Ist das so unpolitisch, wie damals dem Kritiker Gerhard R. Koch eine ganze „Schule jüngerer deutscher Komponisten“ erschien, mit Rihm an der Spitze? „Von Musik im auch politischen Zusammenhang wollen sie nichts mehr wissen.“ Rihm gelang es aber – und vielleicht gelang es, weil es nicht sein erklärtes Ziel war –, Empathie mit einer extrem komplexen Gestalt zu wecken, mit einem, der eigentlich zu anders, zu kompliziert, auch zu elend ist, als dass man sich mit ihm identifizieren wollte. Bei Büchner fasziniert und beängstigt Lenz, bei Rihm kommt er einem nah auch deswegen, weil er identisch scheint mit den musikalischen Mitteln, und weil diese Mittel immer wieder Vertrautes in uns wachrufen, ohne dass wir es uns damit bequem machen können.

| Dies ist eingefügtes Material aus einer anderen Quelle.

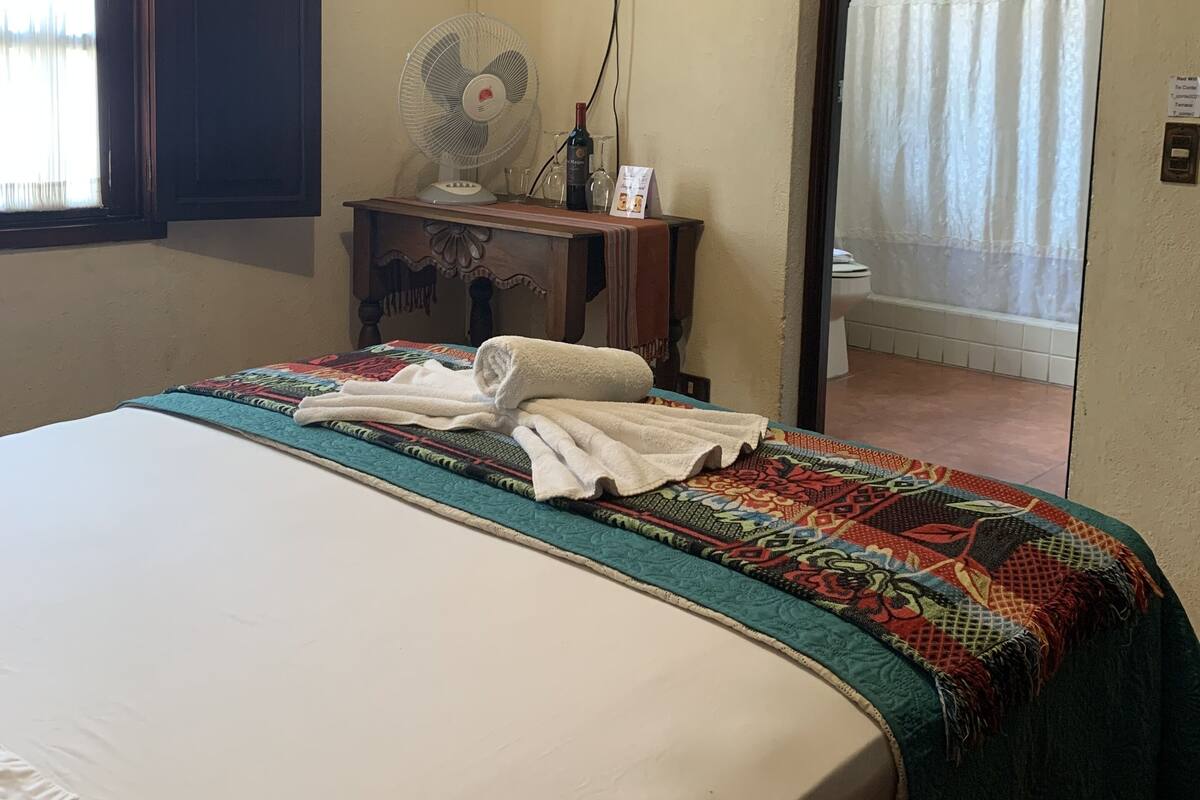 Quarto de hotel com uma cama, mesa de cabeceira com um ventilador, TV fixada na parede e banheiro visível através de uma porta aberta.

Die Kritiker der Uraufführung respektierten Rihms Abwendung „von der technologischen Orientierung der Nachkriegs-Avantgarde“, wie Hans-Klaus Jungheinrich schrieb. „Unverhohlen expressiv“ artikuliere sich der Komponist, „quasi distanzlos überlässt sich der Musikstrom der psychographischen Identifikation mit dem Helden.“ Den sah Jungheinrich als Zeitgenossen: „Lenz ist, auch und gerade heute, überall. Es gibt ihn hunderttausendfach in den Praxen der Psychotherapeuten.“ 1995 war er für die „taz“ noch näher gerückt: „In einer Zeit, in der mancher wieder „verrückt“ werden oder aussteigen mag, in dieser Zeit steht die Kammeroper an neun Bühnen auf dem Spielplan.“

Heute erscheint es politischer denn je, einen anderen, einen Menschen, ein Individuum nicht zu beschreiben und zu vermessen, sondern ihm zu sich zu folgen. Dieser Jakob Lenz geht uns etwas an. „Untersuchen Sie sich!“ befahl der reale Reinhold Michael Jakob Lenz 1774 seinen Lesern. „Wenn Sie aus dem Schauspielhause fortgehen, was ist das Residuum davon in Ihrer Brust? Dampf, der verraucht, sobald er an die Luft kommt. Sie merkten dem Dichter das Kunststück ab, Sie sahen ihm auf die Finger, es ist doch nur eine Komödie, sagen Sie und wer war die in der zweiten Loge?“ Der Jakob Lenz wäre ihm vielleicht fern gewesen. Die Wirkung dieser Oper sicher nicht.

Dieser Text erschien im Programmbuch der Oper Stuttgart zur Neuproduktion von “Jakob Lenz” in der Inszenierung von Andrea Breth, Premiere am 25. Oktober 2015, und ist urheberrechtlich geschützt.